Edith Wren, 58, of Thornhill, eats half a slice of toast with butter and drinks one cup of tea, standing at the kitchen counter. She puts on three layers: wool vest, long-sleeved cotton, the blue waterproof that has outlasted four zippers. She walks to the boathouse on the Lower Ashwater in twelve minutes. She has counted.

Early Post is where she left it, upside down on the rack, hull freshly sealed this week with linseed oil and marine varnish. It is a single scull, 7.4 metres, cedarwood over ash ribs, built in her back garden in 1999. Stanley helped with the steam bending and offered encouragement that was, by her account, more enthusiastic than useful. The boat has carried her approximately 22,000 kilometres in twenty-seven years. She has never capsized.

She launches at 5:15. The river is black and still. The protection zone buoys — new as of Monday — glow faintly to the south, marking the edge of the seal colony’s territory. Wren enters the water well north of the zone, rowing south along the Bramblegate side before turning at the footbridge and working back upstream toward Millgate. The round trip is 3.6 kilometres. She does it twice.

The first pass is warm-up: long, slow strokes, the oar handles just below shoulder height, blade work clean and quiet. She can hear the seals sometimes — a soft barking from the mudflats, the sound of something living that was not there a month ago. The pup, she says, is visible at dawn if the tide is low. A small grey shape. She does not disturb them.

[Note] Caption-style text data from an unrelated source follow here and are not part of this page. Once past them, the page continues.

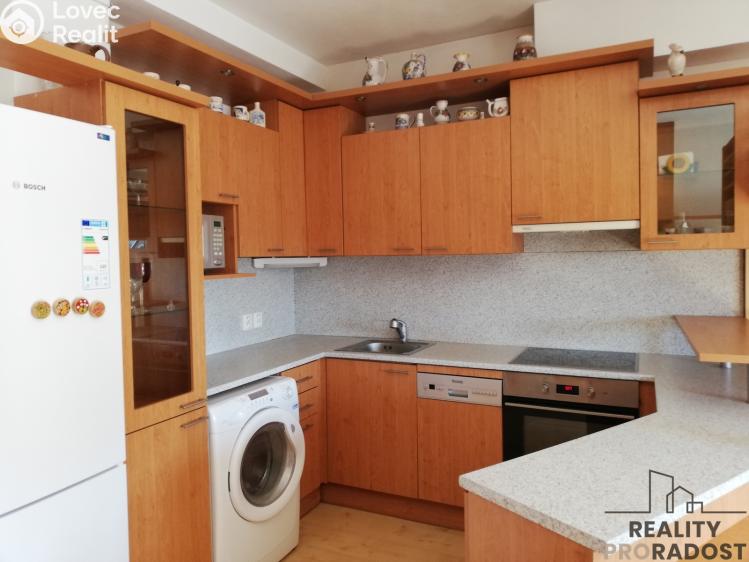 Аренда квартиры 2+KK Olomouc, Handkeho č. 2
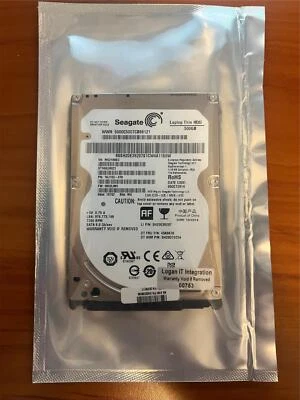Seagate ST500LM021 500GB Internal 7200RPM 2.5" SATA HDD - Image 1 of 2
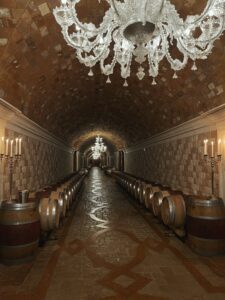 Del Dotto Winery | Napa Valley, CA. | Best Wineries to Visit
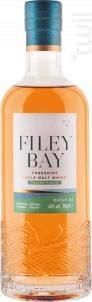 Filey Bay Peat Finish Batch 2 Filey Bay Whisky Angleterre Single Malt Whisky 46%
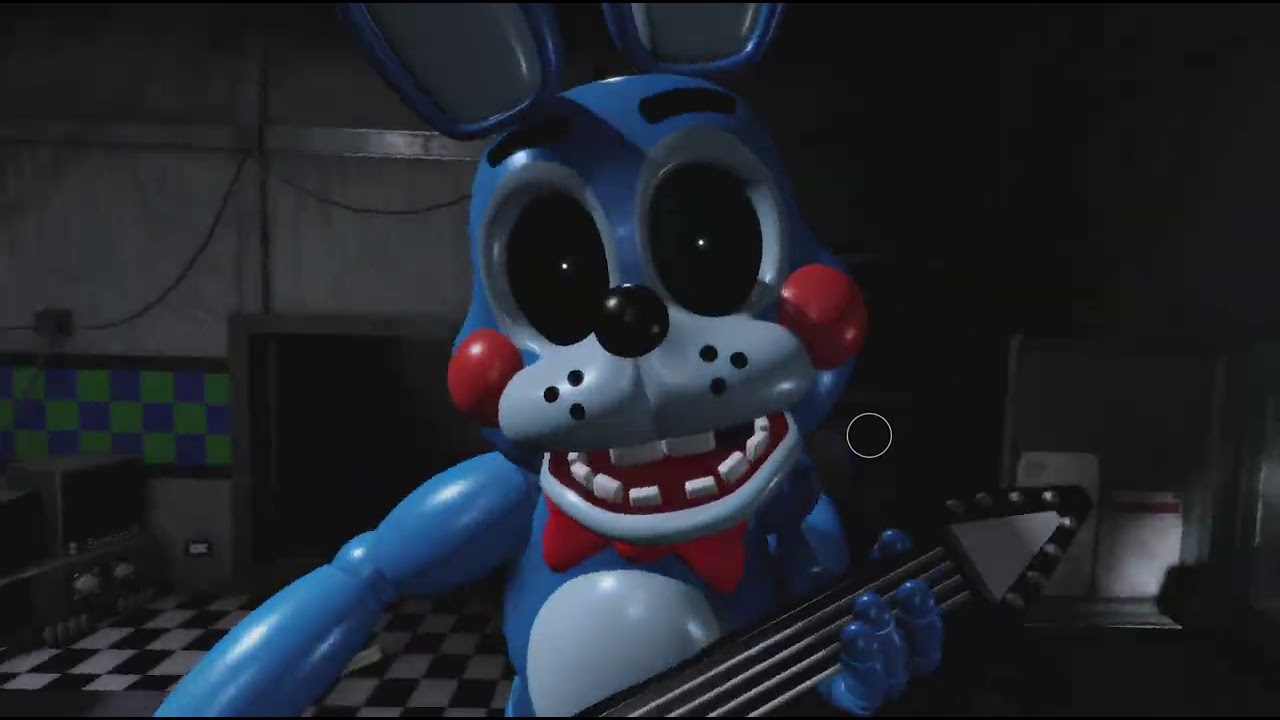 Fnaf 2 remake Part 1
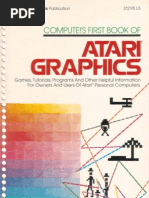 Download COMPUTEs First Book of Atari Graphics by remow SN19757954 doc pdf
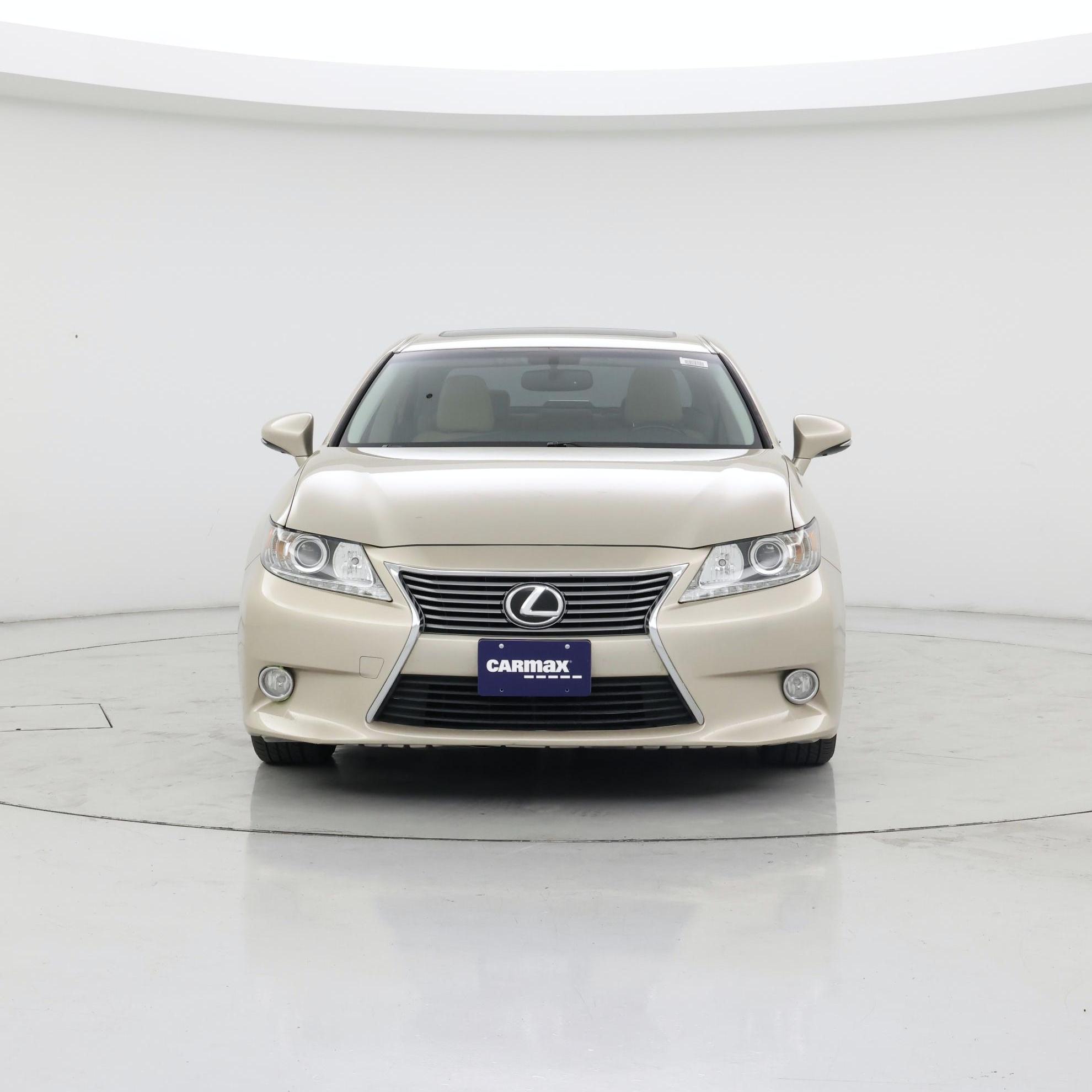 Thumbnail: 2015 Lexus ES - 5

The second pass is race pace. The Veterans’ Championship at Caldwell — the National Veterans’ Sculling Championship, held at the Caldwell Rowing Basin on the River Lenn — is in seventeen days. The course is 2,000 metres, a straight sprint. Wren’s qualifying time at the regional trial was 6 minutes 42 seconds, three seconds inside the standard. She needs to be faster. The field at Caldwell will include former national-level competitors.

“I’m not going to win,” she says, towelling off at the boathouse at 6:20, steam rising from her arms in the cold air. “I know that. I’ve seen the entry list. There’s a woman from Port Caravel who was in the national eight. There’s a Caldwell sculler who’s won this three times.”

She pauses.

“But I’m going to race well. I’m going to race like someone who’s been on this river for thirty years and built her own boat and never missed a morning. That’s not nothing.”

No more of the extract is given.